**Task brief**
Copy out each entry below verbatim, skipping the images.

Brief descriptive captions
******************************
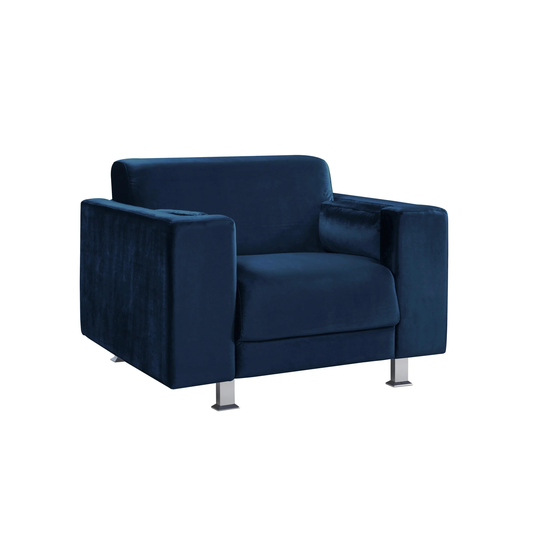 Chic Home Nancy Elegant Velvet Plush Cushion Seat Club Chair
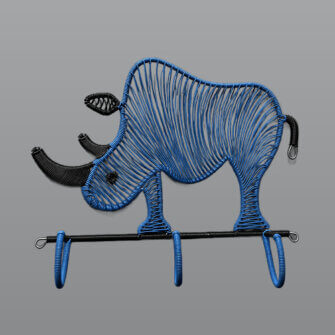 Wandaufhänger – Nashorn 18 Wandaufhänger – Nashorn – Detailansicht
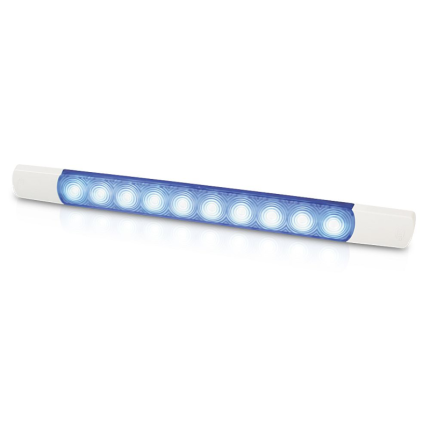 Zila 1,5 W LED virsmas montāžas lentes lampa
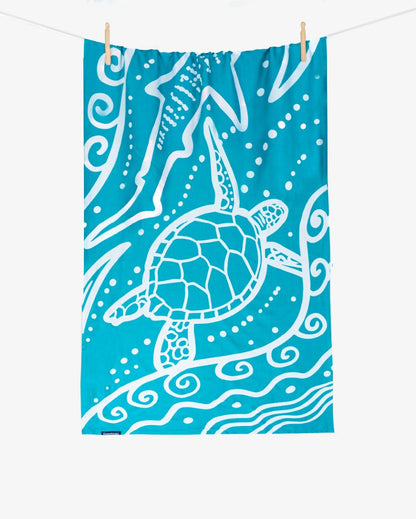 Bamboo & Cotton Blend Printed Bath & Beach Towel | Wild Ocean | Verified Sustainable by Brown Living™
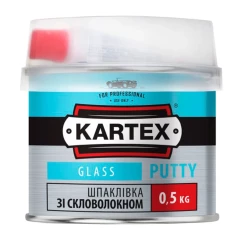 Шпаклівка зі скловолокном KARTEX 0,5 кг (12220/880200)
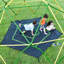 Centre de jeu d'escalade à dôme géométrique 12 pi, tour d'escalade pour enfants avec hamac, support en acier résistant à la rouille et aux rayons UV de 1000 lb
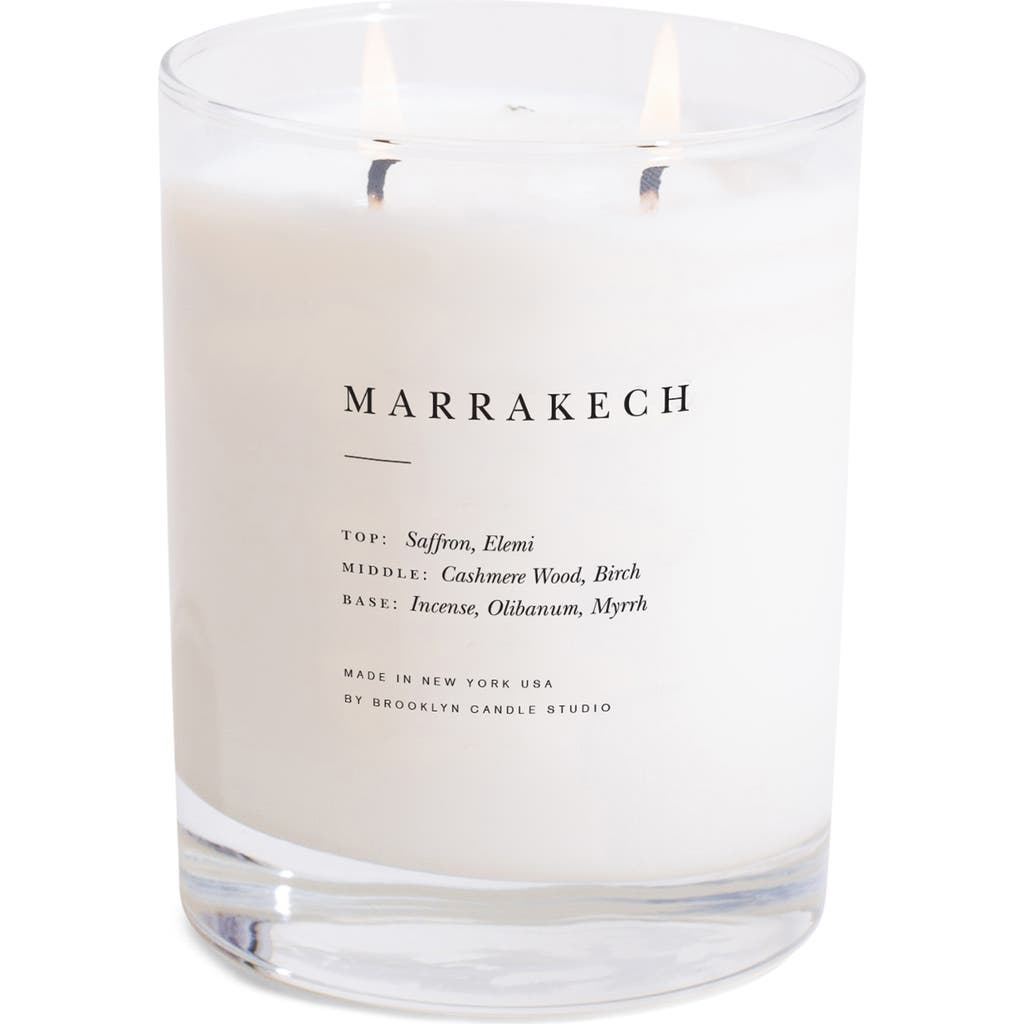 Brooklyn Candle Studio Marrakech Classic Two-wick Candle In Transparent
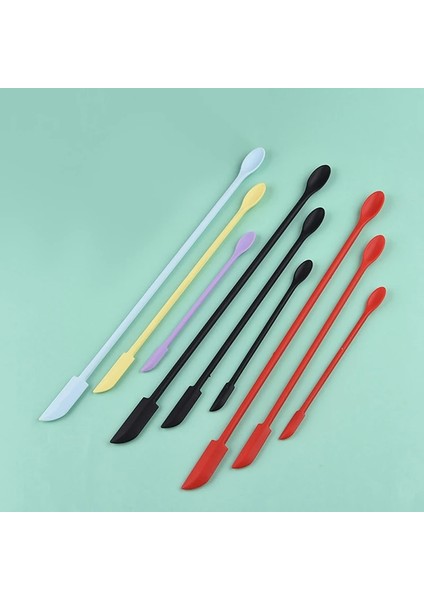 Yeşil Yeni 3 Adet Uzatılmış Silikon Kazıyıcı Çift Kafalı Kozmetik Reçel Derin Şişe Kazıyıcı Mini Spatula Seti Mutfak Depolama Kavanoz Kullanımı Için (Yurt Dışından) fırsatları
******************************
**Response box**
 Chic Home Nancy Elegant Velvet Plush Cushion Seat Club Chair
 Wandaufhänger – Nashorn 18 Wandaufhänger – Nashorn – Detailansicht
 Zila 1,5 W LED virsmas montāžas lentes lampa
 Bamboo & Cotton Blend Printed Bath & Beach Towel | Wild Ocean | Verified Sustainable by Brown Living™
 Шпаклівка зі скловолокном KARTEX 0,5 кг (12220/880200)
 Centre de jeu d'escalade à dôme géométrique 12 pi, tour d'escalade pour enfants avec hamac, support en acier résistant à la rouille et aux rayons UV de 1000 lb
 Brooklyn Candle Studio Marrakech Classic Two-wick Candle In Transparent
 Yeşil Yeni 3 Adet Uzatılmış Silikon Kazıyıcı Çift Kafalı Kozmetik Reçel Derin Şişe Kazıyıcı Mini Spatula Seti Mutfak Depolama Kavanoz Kullanımı Için (Yurt Dışından) fırsatları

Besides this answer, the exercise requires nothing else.